-- What is being asked --
Here is a block of entries. Write out its lines exactly, from the first through the one containing "Soviet Russia - 1962".

(Extracted records)
>>
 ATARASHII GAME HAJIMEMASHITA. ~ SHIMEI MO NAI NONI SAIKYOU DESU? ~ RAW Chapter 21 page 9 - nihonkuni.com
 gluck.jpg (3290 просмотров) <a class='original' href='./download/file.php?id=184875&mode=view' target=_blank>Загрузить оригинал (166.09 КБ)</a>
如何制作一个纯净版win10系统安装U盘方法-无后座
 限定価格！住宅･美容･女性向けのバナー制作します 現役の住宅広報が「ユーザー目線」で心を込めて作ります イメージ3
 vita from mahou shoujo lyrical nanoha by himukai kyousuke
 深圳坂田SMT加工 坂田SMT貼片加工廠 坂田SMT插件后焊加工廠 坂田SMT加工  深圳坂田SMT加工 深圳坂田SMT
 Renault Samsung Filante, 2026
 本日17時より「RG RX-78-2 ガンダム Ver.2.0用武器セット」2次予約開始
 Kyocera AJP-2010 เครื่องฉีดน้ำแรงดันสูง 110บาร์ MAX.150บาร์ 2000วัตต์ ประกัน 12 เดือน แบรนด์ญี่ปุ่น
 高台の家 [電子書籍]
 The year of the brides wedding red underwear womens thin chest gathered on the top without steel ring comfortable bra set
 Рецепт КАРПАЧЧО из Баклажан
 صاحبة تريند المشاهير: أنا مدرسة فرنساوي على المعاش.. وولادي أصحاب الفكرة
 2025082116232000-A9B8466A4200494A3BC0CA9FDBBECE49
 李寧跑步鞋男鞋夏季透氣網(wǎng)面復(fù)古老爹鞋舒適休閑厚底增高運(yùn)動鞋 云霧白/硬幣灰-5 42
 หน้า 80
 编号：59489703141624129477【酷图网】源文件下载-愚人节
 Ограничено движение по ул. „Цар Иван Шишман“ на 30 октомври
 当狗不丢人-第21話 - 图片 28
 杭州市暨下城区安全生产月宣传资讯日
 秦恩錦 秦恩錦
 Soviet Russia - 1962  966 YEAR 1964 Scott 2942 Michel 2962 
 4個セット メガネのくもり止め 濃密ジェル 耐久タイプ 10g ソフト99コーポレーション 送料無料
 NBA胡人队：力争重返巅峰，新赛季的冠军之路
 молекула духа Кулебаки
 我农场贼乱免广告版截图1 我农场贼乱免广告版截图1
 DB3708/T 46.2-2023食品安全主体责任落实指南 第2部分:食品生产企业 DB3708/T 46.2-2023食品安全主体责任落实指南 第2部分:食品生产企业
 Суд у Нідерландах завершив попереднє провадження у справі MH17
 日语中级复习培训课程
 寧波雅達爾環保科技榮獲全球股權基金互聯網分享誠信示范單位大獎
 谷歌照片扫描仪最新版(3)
<<
-- Answer box --
 ATARASHII GAME HAJIMEMASHITA. ~ SHIMEI MO NAI NONI SAIKYOU DESU? ~ RAW Chapter 21 page 9 - nihonkuni.com
 gluck.jpg (3290 просмотров) <a class='original' href='./download/file.php?id=184875&mode=view' target=_blank>Загрузить оригинал (166.09 КБ)</a>
如何制作一个纯净版win10系统安装U盘方法-无后座
 限定価格！住宅･美容･女性向けのバナー制作します 現役の住宅広報が「ユーザー目線」で心を込めて作ります イメージ3
 vita from mahou shoujo lyrical nanoha by himukai kyousuke
 深圳坂田SMT加工 坂田SMT貼片加工廠 坂田SMT插件后焊加工廠 坂田SMT加工  深圳坂田SMT加工 深圳坂田SMT
 Renault Samsung Filante, 2026
 本日17時より「RG RX-78-2 ガンダム Ver.2.0用武器セット」2次予約開始
 Kyocera AJP-2010 เครื่องฉีดน้ำแรงดันสูง 110บาร์ MAX.150บาร์ 2000วัตต์ ประกัน 12 เดือน แบรนด์ญี่ปุ่น
 高台の家 [電子書籍]
 The year of the brides wedding red underwear womens thin chest gathered on the top without steel ring comfortable bra set
 Рецепт КАРПАЧЧО из Баклажан
 صاحبة تريند المشاهير: أنا مدرسة فرنساوي على المعاش.. وولادي أصحاب الفكرة
 2025082116232000-A9B8466A4200494A3BC0CA9FDBBECE49
 李寧跑步鞋男鞋夏季透氣網(wǎng)面復(fù)古老爹鞋舒適休閑厚底增高運(yùn)動鞋 云霧白/硬幣灰-5 42
 หน้า 80
 编号：59489703141624129477【酷图网】源文件下载-愚人节
 Ограничено движение по ул. „Цар Иван Шишман“ на 30 октомври
 当狗不丢人-第21話 - 图片 28
 杭州市暨下城区安全生产月宣传资讯日
 秦恩錦 秦恩錦
 Soviet Russia - 1962  966 YEAR 1964 Scott 2942 Michel 2962 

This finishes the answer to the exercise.